| Records for the exercise |
• • • •
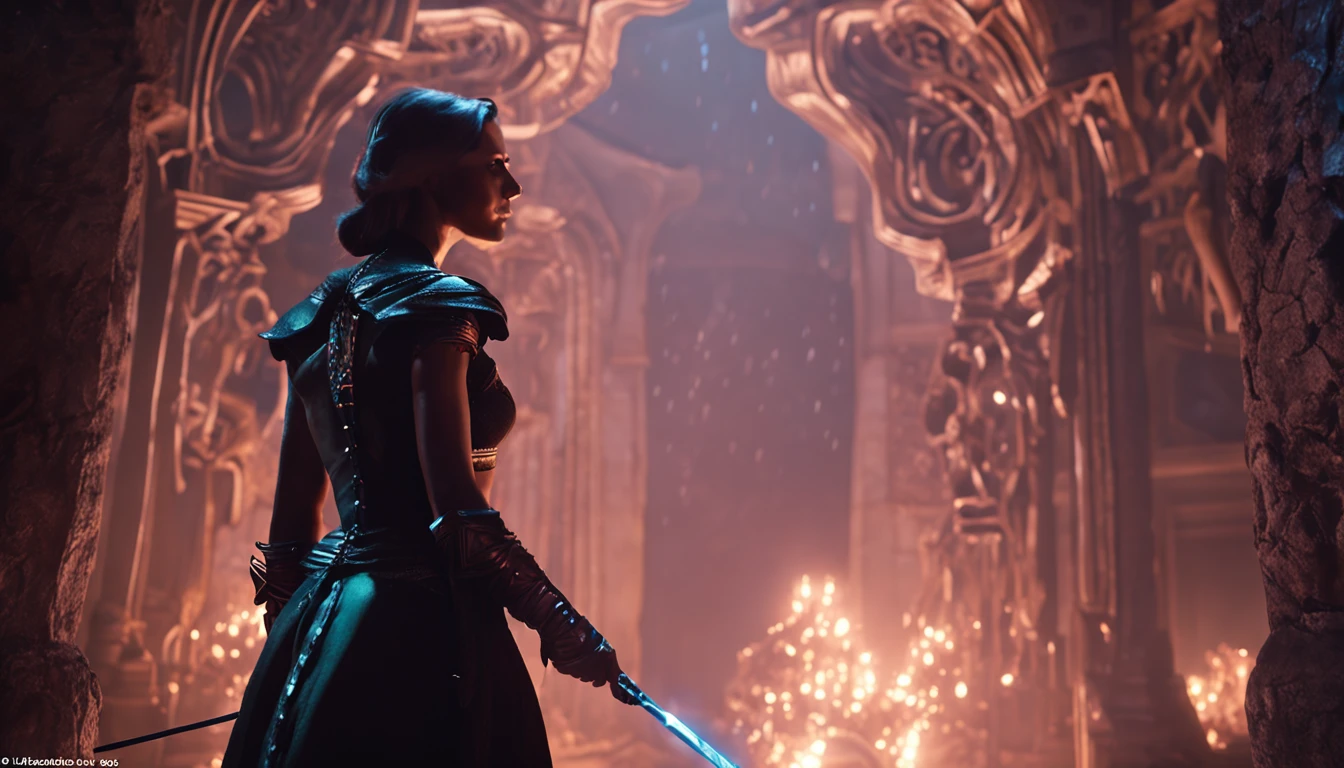 Best quality, Masterpiece, dream land, fantasy movie screen caps, cinamatic lighting, mysterious world realistic:1.4), surrealism, Dream-like, fusion art, Shadowdancer, shadow magic, darkness control, stealth, shadowstep, umbral spells, hidden blade, no human,
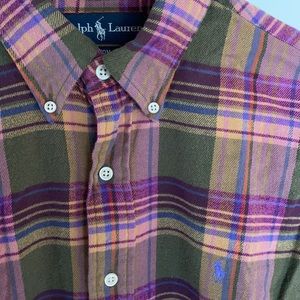Very mid-aughts RL Polo flannel button-down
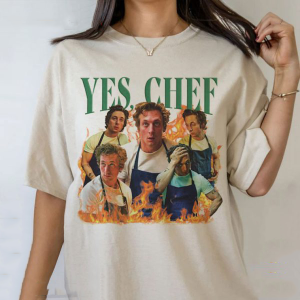 Vintage Yes Chef Bootleg Rap T-Shirt, The Bear Shirt, Yes Chef Jeremy Vintage Shirt, Trending Shirt,  Jeremy Allen White shirt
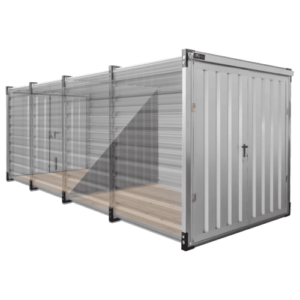 klappbarer Container mit Trennwand und zwei Türen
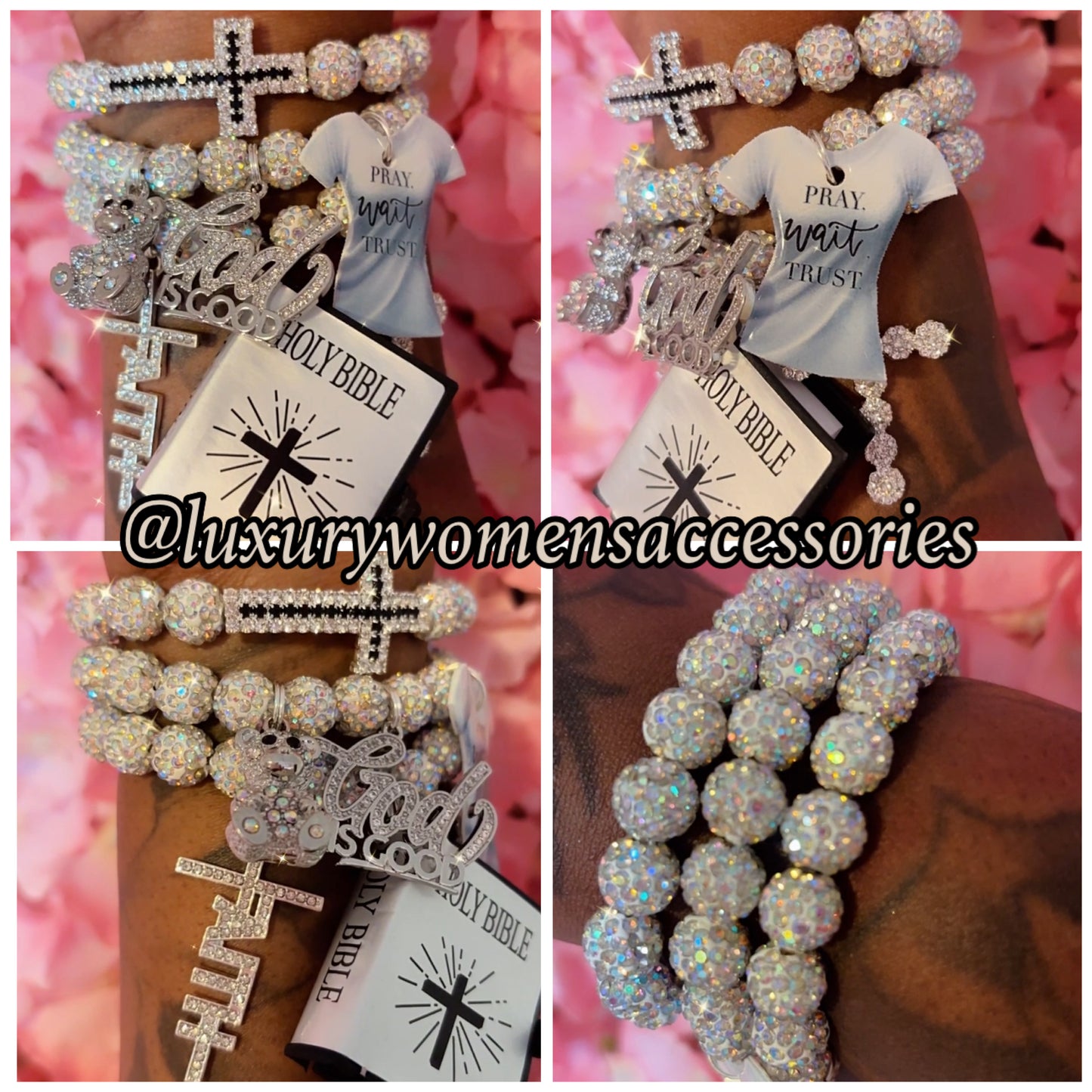 “Custom” Religious Beaded Bracelet Set(set of 3)(Made To Order)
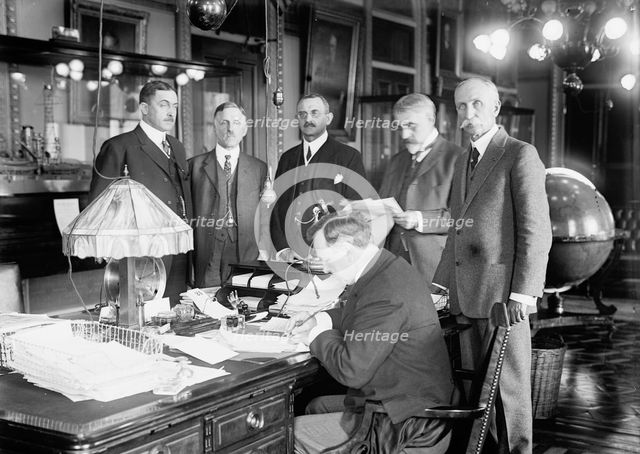 War Council, 1917.  Creator: Harris & Ewing.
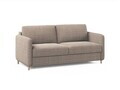 Canapea extensibila 3 locuri, Simo, Micadoni Home, 184x102x95 cm, tesatura structurata, maro deschis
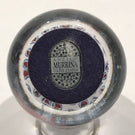 Vintage Antica Murrrina Art Glass Paperweight Closepack Murano Heart Millefiori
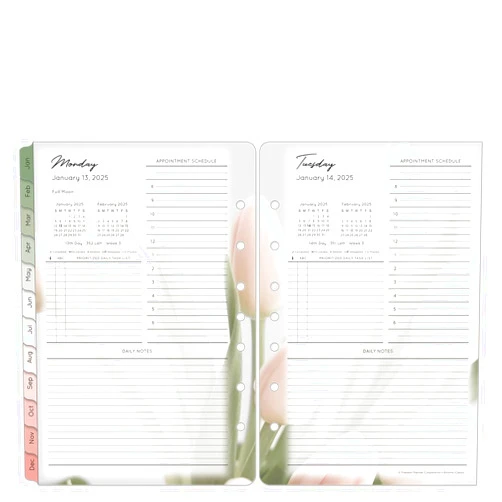 Franklin Covey FranklinCovey - Blooms One Page Per Day Ring-Bound Planner (Classic, Jan 2025 - Dec 2025)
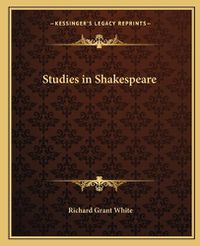 Cover image for Studies in Shakespeare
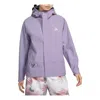 Nike (wmns)  Acg Cascade Rains Storm-fit Windproof Water Repellent Lightweight Packable Jacket 'purpl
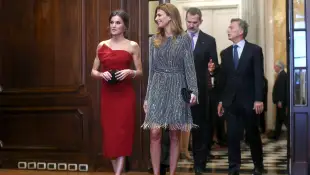 Königin Letizia von Spanien, Juliana Awada, König Felipe von Spanien, Mauricio Macri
• • • •
The records above, minus their pictures, are to be returned verbatim.

 Best quality, Masterpiece, dream land, fantasy movie screen caps, cinamatic lighting, mysterious world realistic:1.4), surrealism, Dream-like, fusion art, Shadowdancer, shadow magic, darkness control, stealth, shadowstep, umbral spells, hidden blade, no human,
Very mid-aughts RL Polo flannel button-down
 Vintage Yes Chef Bootleg Rap T-Shirt, The Bear Shirt, Yes Chef Jeremy Vintage Shirt, Trending Shirt,  Jeremy Allen White shirt
 klappbarer Container mit Trennwand und zwei Türen
 “Custom” Religious Beaded Bracelet Set(set of 3)(Made To Order)
 War Council, 1917.  Creator: Harris & Ewing.
 Canapea extensibila 3 locuri, Simo, Micadoni Home, 184x102x95 cm, tesatura structurata, maro deschis
 Vintage Antica Murrrina Art Glass Paperweight Closepack Murano Heart Millefiori
 Franklin Covey FranklinCovey - Blooms One Page Per Day Ring-Bound Planner (Classic, Jan 2025 - Dec 2025)
 Cover image for Studies in Shakespeare
 Nike (wmns)  Acg Cascade Rains Storm-fit Windproof Water Repellent Lightweight Packable Jacket 'purpl
 Königin Letizia von Spanien, Juliana Awada, König Felipe von Spanien, Mauricio Macri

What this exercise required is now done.